Your output should be the lines below from the one with "Glenna Richards and" through the one with "Scared young blonde", copied exactly, pictures excluded.
Recorded data below:
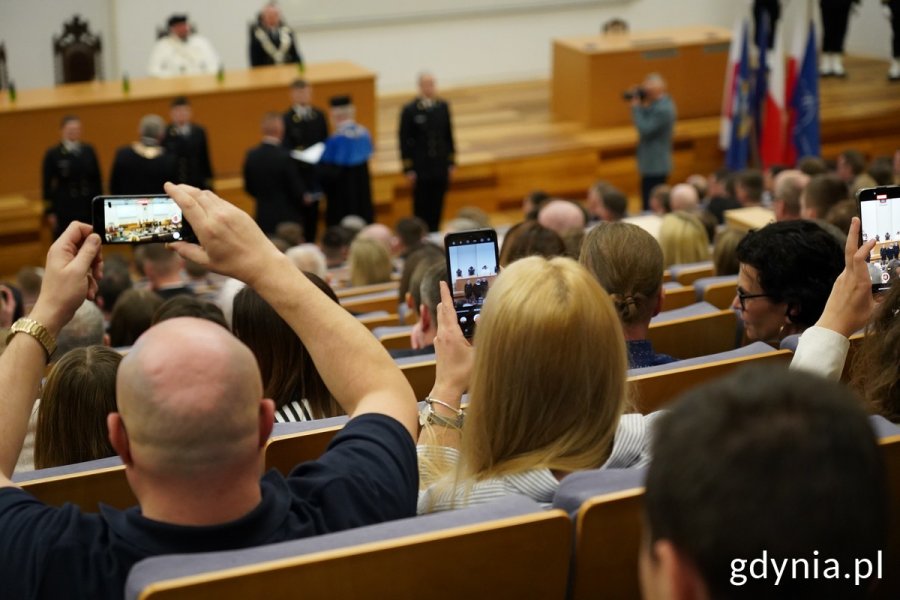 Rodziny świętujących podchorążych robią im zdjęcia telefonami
End of Recorded data.
Recorded data below:
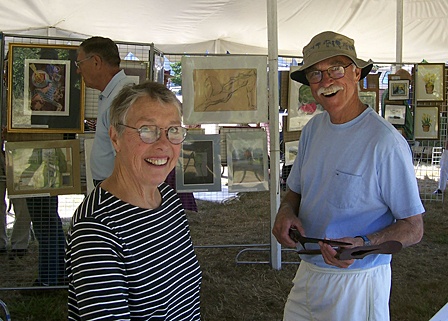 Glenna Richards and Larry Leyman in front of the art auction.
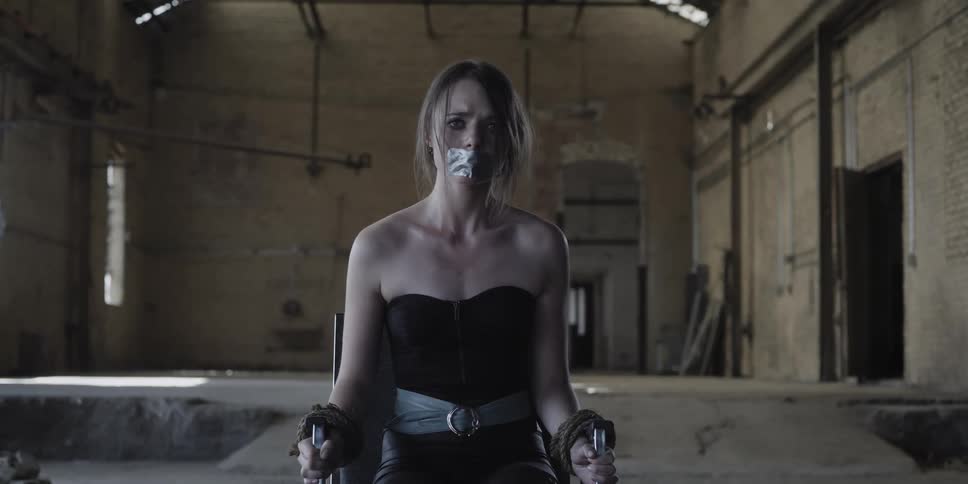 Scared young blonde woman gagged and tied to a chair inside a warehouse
End of Recorded data.
> **Output of the exercise**:
 Glenna Richards and Larry Leyman in front of the art auction.
 Scared young blonde woman gagged and tied to a chair inside a warehouse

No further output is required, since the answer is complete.